“I’ve got the brains, you’ve got the looks, let’s make lots of money”
Is collaboration better than competition? I think it probably is when taken as a fundamental business operating system i.e. when brands that share a common belief get together to explore new opportunities together.
What we mean by collaboration as an operating model is a root and branch rethink of the way business actually works – away from a market share driven approach to something based around share of wallet.
Old school thinking:
Define a competitive position and defend it
Grow by increasing market share i.e. selling what you do to more people
Keep resources such as smarts, technology, talent to yourself (see them as a source of competitive advantage)
New school:
Define the role you play in people’s lives and seek out others who share that role
Grow by increasing share of wallet i.e. extend what you do in order to meet the needs of your constituents
Share resources with other like minded organisations who share the same belief system – who share your aims
Adidas + 2012 not Ebay + Skype Bono + RED not Will.I.am + Intel Tata Docomo not Nokia Microsoft
Maybe it’s a new way to think about collaboration – a match based on belief rather than capability. A union based on love rather than convenience?
Last week one of the UK’s brightest stars got snuffed out. Modec was a maker of funky electric commercial vehicles – near silent delivery trucks that the likes of Tesco, UPS and FedEx had started using. (You really have to look both ways before crossing the roads nowadays).
Electric Vehicle technology may not provide all the answers to sustainable mobility – but few will deny that it’s a pretty important area. But the most interesting and forward thinking players are small, starved of capital and seemingly perpetually teetering on the brink. ThinkEV, Tesla, BetterPlace, REVA – all really exciting companies, all well respected, none of them more than niche. Meanwhile the mass manufacturers like Renault see Electric Vehicles as a source of future differentiation and therefore something to be protected and defended at all costs. Getting all paranoid about putative Chinese spies under the bed.
Why get so competitive about it? Why not collaborate? The world needs sustainable mobility, and the means to achieving it stretch way beyond the resources of one company.
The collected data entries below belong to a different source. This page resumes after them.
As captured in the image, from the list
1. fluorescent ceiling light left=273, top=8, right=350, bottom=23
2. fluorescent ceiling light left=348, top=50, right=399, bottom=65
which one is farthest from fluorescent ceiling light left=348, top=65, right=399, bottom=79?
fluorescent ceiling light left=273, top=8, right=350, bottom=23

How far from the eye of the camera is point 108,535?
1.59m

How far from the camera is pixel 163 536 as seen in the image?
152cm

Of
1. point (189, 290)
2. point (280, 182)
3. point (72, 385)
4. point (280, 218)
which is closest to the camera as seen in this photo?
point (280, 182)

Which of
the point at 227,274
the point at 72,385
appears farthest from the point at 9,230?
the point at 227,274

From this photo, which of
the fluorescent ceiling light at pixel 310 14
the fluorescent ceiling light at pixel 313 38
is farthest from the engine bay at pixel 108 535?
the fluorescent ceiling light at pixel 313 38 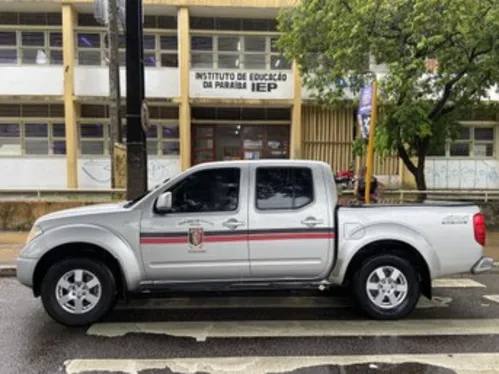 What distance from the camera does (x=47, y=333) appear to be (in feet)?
17.1

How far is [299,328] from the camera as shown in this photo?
5344 millimetres

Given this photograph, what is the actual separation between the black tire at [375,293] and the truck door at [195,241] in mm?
1293

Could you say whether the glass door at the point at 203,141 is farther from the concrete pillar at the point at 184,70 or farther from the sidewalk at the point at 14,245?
the sidewalk at the point at 14,245

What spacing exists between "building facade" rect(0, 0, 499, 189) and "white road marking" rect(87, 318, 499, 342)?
46.5 feet

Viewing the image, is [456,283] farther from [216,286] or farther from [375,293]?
→ [216,286]

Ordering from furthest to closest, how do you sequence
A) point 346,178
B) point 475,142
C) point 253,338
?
point 475,142 < point 346,178 < point 253,338

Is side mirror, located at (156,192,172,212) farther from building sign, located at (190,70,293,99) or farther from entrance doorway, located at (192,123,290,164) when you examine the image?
entrance doorway, located at (192,123,290,164)

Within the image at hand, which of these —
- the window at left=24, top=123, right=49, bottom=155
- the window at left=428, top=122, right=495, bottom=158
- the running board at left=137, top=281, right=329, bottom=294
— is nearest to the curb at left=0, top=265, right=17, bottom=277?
the running board at left=137, top=281, right=329, bottom=294

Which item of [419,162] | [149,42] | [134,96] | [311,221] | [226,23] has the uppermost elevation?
[226,23]

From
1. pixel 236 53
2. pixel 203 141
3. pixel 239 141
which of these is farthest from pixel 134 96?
pixel 239 141

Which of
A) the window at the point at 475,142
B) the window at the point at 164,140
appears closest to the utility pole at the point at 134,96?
the window at the point at 164,140

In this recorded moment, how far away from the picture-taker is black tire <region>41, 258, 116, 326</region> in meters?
5.29

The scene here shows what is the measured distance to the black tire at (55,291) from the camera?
5.29 metres

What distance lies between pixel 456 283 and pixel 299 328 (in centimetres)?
347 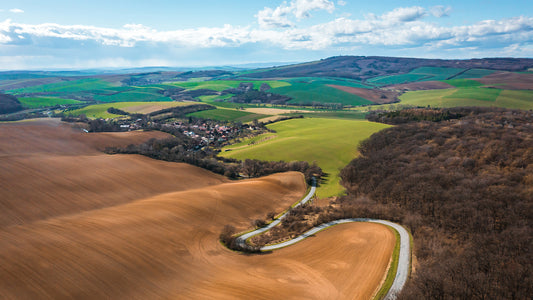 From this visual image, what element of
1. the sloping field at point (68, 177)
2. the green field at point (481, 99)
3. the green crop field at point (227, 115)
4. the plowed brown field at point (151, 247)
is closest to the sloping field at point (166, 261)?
the plowed brown field at point (151, 247)

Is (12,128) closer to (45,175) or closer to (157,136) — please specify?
(157,136)

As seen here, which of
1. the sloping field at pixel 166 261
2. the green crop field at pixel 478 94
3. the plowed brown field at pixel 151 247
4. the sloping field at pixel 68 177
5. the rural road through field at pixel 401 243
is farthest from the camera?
the green crop field at pixel 478 94

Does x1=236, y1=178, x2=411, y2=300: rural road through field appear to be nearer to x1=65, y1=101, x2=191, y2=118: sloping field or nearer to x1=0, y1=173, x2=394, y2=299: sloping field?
x1=0, y1=173, x2=394, y2=299: sloping field

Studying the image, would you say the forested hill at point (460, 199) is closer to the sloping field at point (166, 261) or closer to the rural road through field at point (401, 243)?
the rural road through field at point (401, 243)

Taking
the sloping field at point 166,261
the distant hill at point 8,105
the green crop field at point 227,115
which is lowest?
the sloping field at point 166,261

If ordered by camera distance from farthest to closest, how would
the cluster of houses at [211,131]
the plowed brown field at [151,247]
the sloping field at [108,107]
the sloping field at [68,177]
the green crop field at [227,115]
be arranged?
the sloping field at [108,107] < the green crop field at [227,115] < the cluster of houses at [211,131] < the sloping field at [68,177] < the plowed brown field at [151,247]

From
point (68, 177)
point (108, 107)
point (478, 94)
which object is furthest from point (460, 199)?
point (108, 107)

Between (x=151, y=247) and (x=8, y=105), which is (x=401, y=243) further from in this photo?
(x=8, y=105) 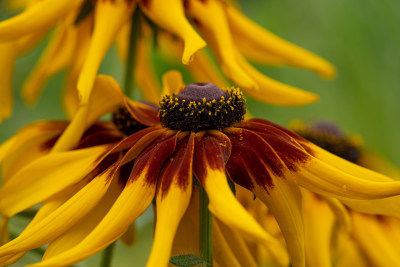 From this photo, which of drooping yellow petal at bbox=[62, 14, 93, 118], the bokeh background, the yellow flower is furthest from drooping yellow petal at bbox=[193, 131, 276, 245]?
the bokeh background

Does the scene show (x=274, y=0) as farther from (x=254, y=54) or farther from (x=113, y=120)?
(x=113, y=120)

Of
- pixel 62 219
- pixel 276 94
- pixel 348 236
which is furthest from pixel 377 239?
pixel 62 219

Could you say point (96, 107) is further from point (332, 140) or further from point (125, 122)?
point (332, 140)

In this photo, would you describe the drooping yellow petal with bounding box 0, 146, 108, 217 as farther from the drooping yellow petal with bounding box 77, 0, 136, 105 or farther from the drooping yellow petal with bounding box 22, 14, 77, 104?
the drooping yellow petal with bounding box 22, 14, 77, 104

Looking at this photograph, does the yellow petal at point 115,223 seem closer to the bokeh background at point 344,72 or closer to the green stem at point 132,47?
the green stem at point 132,47

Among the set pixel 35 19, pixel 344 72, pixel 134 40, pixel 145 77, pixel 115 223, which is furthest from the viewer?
pixel 344 72

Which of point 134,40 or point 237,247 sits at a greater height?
point 134,40

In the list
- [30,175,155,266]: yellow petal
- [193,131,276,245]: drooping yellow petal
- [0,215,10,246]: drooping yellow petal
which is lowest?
[0,215,10,246]: drooping yellow petal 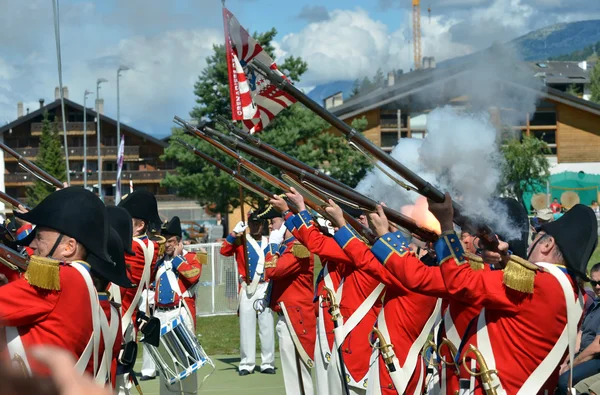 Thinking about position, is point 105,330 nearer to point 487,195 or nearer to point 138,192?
point 487,195

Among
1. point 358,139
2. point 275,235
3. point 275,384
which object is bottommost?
point 275,384

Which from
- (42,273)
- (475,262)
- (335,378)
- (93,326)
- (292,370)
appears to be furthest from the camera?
(292,370)

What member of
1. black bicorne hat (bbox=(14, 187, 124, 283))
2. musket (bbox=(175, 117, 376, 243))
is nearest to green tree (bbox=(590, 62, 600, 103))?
musket (bbox=(175, 117, 376, 243))

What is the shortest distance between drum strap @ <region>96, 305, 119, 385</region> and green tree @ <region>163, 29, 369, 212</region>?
37259 millimetres

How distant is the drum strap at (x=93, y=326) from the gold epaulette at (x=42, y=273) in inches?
8.3

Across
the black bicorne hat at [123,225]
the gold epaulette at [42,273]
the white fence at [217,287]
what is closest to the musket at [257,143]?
the black bicorne hat at [123,225]

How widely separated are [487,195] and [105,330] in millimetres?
2418

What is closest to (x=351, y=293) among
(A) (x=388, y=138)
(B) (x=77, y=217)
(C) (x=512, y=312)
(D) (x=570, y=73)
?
(C) (x=512, y=312)

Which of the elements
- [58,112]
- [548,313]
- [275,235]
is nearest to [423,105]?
[275,235]

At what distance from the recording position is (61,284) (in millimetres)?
4492

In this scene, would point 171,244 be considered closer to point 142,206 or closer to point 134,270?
point 142,206

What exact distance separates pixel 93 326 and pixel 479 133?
280 cm

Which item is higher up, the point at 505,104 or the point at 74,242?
the point at 505,104

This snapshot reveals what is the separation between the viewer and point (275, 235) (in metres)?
12.7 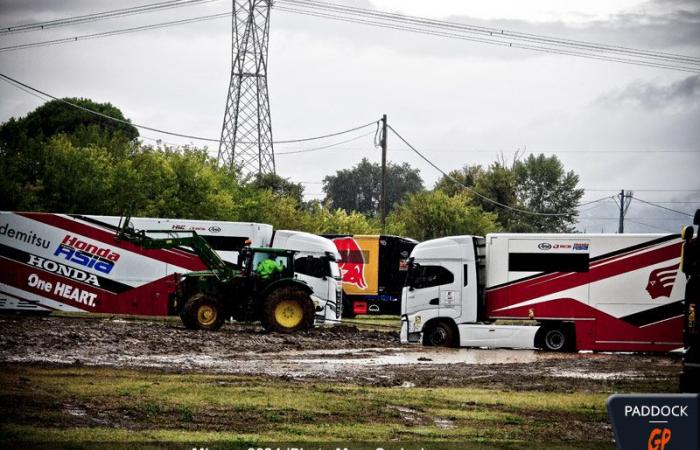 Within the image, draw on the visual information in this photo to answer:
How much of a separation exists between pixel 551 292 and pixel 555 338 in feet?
4.77

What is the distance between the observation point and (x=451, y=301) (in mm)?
32688

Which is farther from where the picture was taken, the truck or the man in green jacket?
the truck

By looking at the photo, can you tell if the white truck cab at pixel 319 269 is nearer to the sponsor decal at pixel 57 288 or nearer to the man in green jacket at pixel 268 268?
the man in green jacket at pixel 268 268

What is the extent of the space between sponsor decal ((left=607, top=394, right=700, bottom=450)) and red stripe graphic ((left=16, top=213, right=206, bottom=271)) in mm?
33925

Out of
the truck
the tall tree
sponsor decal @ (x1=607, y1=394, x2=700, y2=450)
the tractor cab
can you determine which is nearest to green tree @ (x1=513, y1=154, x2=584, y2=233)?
the tall tree

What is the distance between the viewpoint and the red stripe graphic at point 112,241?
130 ft

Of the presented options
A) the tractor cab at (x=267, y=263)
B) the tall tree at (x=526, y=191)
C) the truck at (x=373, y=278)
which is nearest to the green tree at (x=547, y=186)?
the tall tree at (x=526, y=191)

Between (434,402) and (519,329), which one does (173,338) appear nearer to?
(519,329)

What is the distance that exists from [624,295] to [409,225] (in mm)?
50849

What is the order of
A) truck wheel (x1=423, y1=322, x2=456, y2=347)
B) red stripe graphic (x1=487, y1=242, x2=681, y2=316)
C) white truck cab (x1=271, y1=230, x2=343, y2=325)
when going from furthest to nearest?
white truck cab (x1=271, y1=230, x2=343, y2=325) → truck wheel (x1=423, y1=322, x2=456, y2=347) → red stripe graphic (x1=487, y1=242, x2=681, y2=316)

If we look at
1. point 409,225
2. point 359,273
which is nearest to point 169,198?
point 359,273

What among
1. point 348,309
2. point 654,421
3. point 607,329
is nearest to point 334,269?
point 348,309

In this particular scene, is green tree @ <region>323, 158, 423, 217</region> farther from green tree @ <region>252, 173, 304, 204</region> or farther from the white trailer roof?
the white trailer roof

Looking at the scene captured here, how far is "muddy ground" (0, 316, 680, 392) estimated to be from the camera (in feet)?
74.4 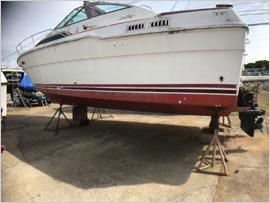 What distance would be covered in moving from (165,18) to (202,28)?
0.70 metres

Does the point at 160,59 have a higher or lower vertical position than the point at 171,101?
higher

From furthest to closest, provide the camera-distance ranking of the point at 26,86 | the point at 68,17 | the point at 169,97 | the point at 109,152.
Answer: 1. the point at 26,86
2. the point at 68,17
3. the point at 109,152
4. the point at 169,97

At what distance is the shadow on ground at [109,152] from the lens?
2.86 meters

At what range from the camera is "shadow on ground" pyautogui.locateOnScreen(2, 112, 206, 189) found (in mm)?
2857

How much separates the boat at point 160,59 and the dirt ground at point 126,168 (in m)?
0.88

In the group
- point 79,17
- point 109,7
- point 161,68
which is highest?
point 109,7

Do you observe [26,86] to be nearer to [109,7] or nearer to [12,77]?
[12,77]

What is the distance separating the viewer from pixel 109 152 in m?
3.77

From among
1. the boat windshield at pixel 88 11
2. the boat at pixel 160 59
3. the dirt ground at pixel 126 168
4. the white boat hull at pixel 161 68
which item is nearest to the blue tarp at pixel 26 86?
the dirt ground at pixel 126 168

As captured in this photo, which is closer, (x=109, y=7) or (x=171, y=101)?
(x=171, y=101)

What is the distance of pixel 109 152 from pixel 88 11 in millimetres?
3267

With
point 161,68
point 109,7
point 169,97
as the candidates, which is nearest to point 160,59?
point 161,68

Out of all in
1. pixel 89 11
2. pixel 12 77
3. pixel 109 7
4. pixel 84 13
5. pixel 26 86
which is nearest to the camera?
pixel 109 7

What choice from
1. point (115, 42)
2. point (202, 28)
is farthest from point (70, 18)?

Think how much more the auto industry could achieve – together – if all the players dropped their ‘default competition’ mode and started thinking in ‘default collaboration’ mode. The most forward thinking brands in the world are those that understand clearly the role that they play, rather than obsess about the ‘position’ they are defending.They seek out partners who share their aims and they work with them to achieve their common aims. Think Boots and Macmillan; M&S and Oxfam; Kate Moss & Topshop; Nokia and Microsoft; Tata and Docomo; iphone and google maps; and even Heston Blumenthal and Little Chef. This is the end of competition as a business model.
Getting electric vehicles into the mass day-to-day market requires a massive sharing of resources (smarts, technology and money) if it’s going to happen at anything more than a snail’s pace. And we need it - fast. Fuel prices are heading skywards. But without a fundamental change of thinking in the boardrooms of the automotive oligopoly it won’t happen fast enough.
I hope Modec is an exceptional case. I fear it isn’t.